Avec 52 000 emplois dans le TRM et la logistique, la région des Hauts-de-France ne fait pas de figuration dans l’économie française. L’attractivité du secteur est primordiale. « Il faut remettre les jeunes dans le métier, a insisté Olivier Arrigault, secrétaire général FNTR Nord et délégué régional TLF Hauts-de-France. Dit autrement, cela signifie former, motiver et miser sur des outils comme la préparation opérationnelle à l’emploi collective (POEC). » Si la région a été moins pénalisée en 2015 par la crise des carburants que ses voisines, elle a enduré avec violence la problématique migratoire du Calaisis. « La FNTR Pas-de-Calais a joué un rôle moteur dans la mobilisation du 5 septembre, a ajouté Olivier Arrigault. Il faut désormais gérer les suites du démantèlement de la “jungle” de Calais (ndlr : opération initiée le 24 octobre). Il faut aussi une réponse pénale forte. » En outre, les deux fédérations nordistes sont des interlocuteurs de proximité. « Le café réglementaire », organisé sur un format court (45 minutes), est un événement qui fait florès. D’autres évènements thématiques sont prévus dans les prochaines semaines notamment la réforme de la protection sociale.
« La question du financement du Comité national routier (CNR) se posera en 2018, a exposé Yves Fargues (photo), le président de TLF. La profession doit plancher et trouver des solutions de financement.
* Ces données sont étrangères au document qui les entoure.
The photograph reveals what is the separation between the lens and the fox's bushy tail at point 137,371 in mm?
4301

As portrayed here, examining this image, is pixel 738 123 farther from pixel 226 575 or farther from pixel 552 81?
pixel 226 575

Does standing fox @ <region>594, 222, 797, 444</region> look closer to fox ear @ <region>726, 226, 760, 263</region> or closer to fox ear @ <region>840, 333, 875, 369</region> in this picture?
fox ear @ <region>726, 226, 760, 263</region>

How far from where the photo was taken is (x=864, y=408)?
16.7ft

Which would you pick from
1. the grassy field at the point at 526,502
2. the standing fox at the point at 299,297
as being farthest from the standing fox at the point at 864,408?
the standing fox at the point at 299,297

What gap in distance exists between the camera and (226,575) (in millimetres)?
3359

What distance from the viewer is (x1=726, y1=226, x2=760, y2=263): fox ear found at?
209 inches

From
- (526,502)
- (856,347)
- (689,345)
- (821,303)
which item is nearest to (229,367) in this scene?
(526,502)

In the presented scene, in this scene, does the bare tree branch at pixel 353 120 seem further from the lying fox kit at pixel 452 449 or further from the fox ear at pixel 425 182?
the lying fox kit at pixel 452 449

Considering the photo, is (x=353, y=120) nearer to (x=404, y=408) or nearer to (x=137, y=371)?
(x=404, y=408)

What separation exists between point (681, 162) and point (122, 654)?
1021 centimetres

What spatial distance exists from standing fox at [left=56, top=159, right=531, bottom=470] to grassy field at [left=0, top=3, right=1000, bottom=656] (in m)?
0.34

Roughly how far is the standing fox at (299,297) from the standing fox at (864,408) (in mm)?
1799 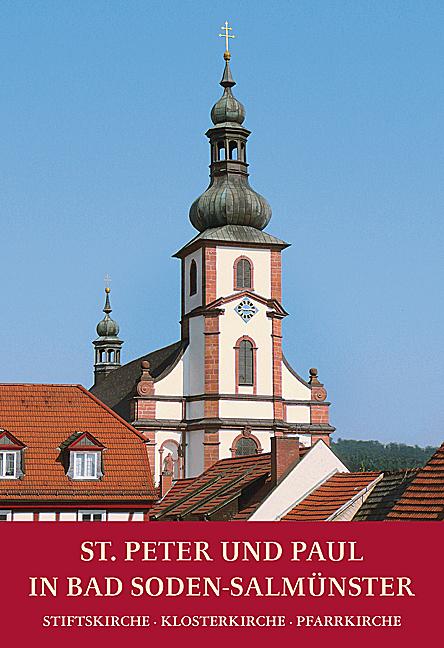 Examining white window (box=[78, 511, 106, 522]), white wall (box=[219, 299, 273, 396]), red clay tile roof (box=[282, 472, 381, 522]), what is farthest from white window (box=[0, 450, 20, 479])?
white wall (box=[219, 299, 273, 396])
Recevoir des dons ? Prélever une taxe sur les cartes grises ? » Les transporteurs semblent condamnés à mettre la main à la poche en raison d’une baisse de la subvention versée par la DGITM, soit 1,6 M€ en 2016. Autre sujet d’inquiétude soulevé par le président de TLF, la requalification par l’URSSAF du CFA en pré-retraite d’entreprise. Le sujet a été identifié en juin 2016. « C’est inadmissible ; nous ne sommes pas optimistes face à de tels agissements de l’URSSAF, a avoué Yves Fargues. Au premier redressement réel, nous dénoncerons la méthode. On ne peut accepter d’être rançonné. »
Pour sa première prestation devant les adhérents nordistes, Florence Berthelot, déléguée générale de la FNTR, a privilégié le langage de la vérité. « Le temps de l’entreprise n’est pas le temps de la politique », a-t-elle expliqué. Tout en égrenant les deux rôles intrinsèques d’une fédération : être au plus proche des préoccupations de ses adhérents et aider les entreprises à anticiper les changements. Avant d’ajouter : « Tout ce qui sort de la fédération est un travail de crédibilité et d’expertise. » Par exemple, sur le dossier du détachement, la FNTR ne va pas empêcher l’application de la loi Macron ; elle est réservée sur son application. Le front FNTR/TLF rassemble aujourd’hui plus de 50 % des adhérents sur le dossier de la représentativité, assure-t-elle. « Dans le champ de la convention collective, tout ce qui ne sera pas signé par la FNTR et TLF ne pourra être appliqué », s’est félicité la déléguée générale.
Seule certitude, la feuille de route est bien remplie pour les prochaines semaines. Outre la préparation de son congrès à Montrouge les 16 et 17 novembre, la FNTR planche déjà sur les préconisations du secteur dans l’optique de la présidentielle et des législatives de 2017.